House debates
Thursday, 19 June 2008
Questions without Notice
Whaling
3:16 pm
Peter Garrett (Kingsford Smith, Australian Labor Party, Minister for the Environment, Heritage and the Arts) Share this | Hansard source
The government is not pretending that the International Whaling Commission engagement is going to be easier, but the government actually do have a policy for reform. We have a constructive approach we are bringing to the table. But all the opposition ever seems to do is to talk down Australia’s prospects of success. All we have had from the opposition is negative or confused in approach and, when it comes to confusion, the member for Flinders could not wait for the Oceanic Viking to arrive in the Southern Ocean last January. In fact, he was pleading with the government on 16 January when he said the Oceanic Viking ‘must now arrive to not only help monitor and protect the great whales of the south but also to help act as a balance and to keep the peace on the high seas’. Of course, the Oceanic Viking did undertake monitoring and surveillance in the Southern Ocean, something that was never achieved in the 12 previous years of the Liberal government. Then we had the member for Goldstein making his contribution on 15 June about the Australian government’s action. He said:
It has reduced our credibility, reduced our leverage, our negotiating position in trying to reach a diplomatic solution.
I cannot think of a weaker message to be sending on Australia’s commitment to whale conservation than what the opposition have been saying, with their confused actions, their negativism and their record of seeing the whale quotas increase by a considerable number on their watch.

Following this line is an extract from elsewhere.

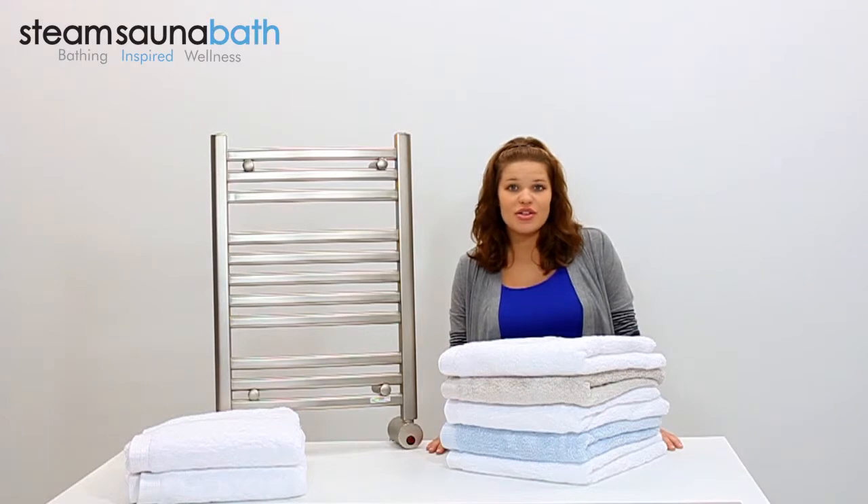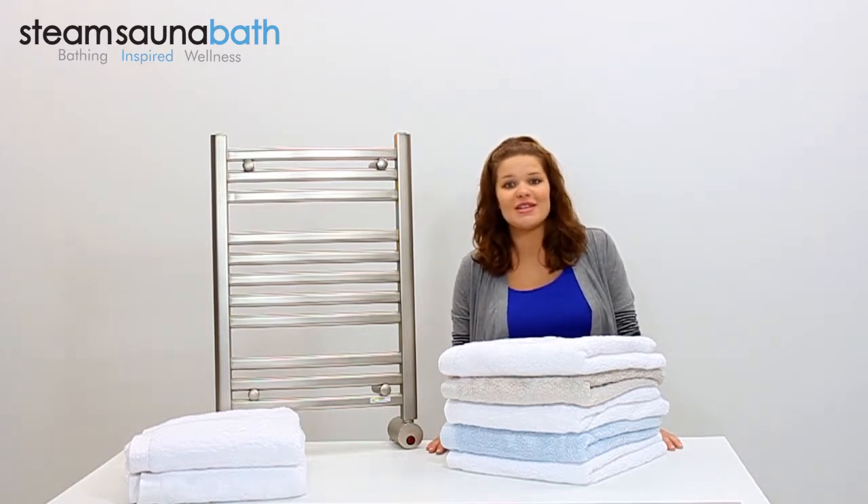The W542 is UL and CUL listed and can operate with an optional 24 hour digital timer or attachable rope hook to enhance the experience.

There is a lot of noise from members opposite because they recognise that their policy on this issue delivered absolutely nothing over 12 years. It is time for them to get serious and to resolve what they actually think about this issue and to look at the substantial engagement that the Rudd government has to get behind the strong proposals to refocus the International Whaling Commission on the conservation of whales—to come in with all of Australia as we chart a new course in the protection of these magnificent sea creatures.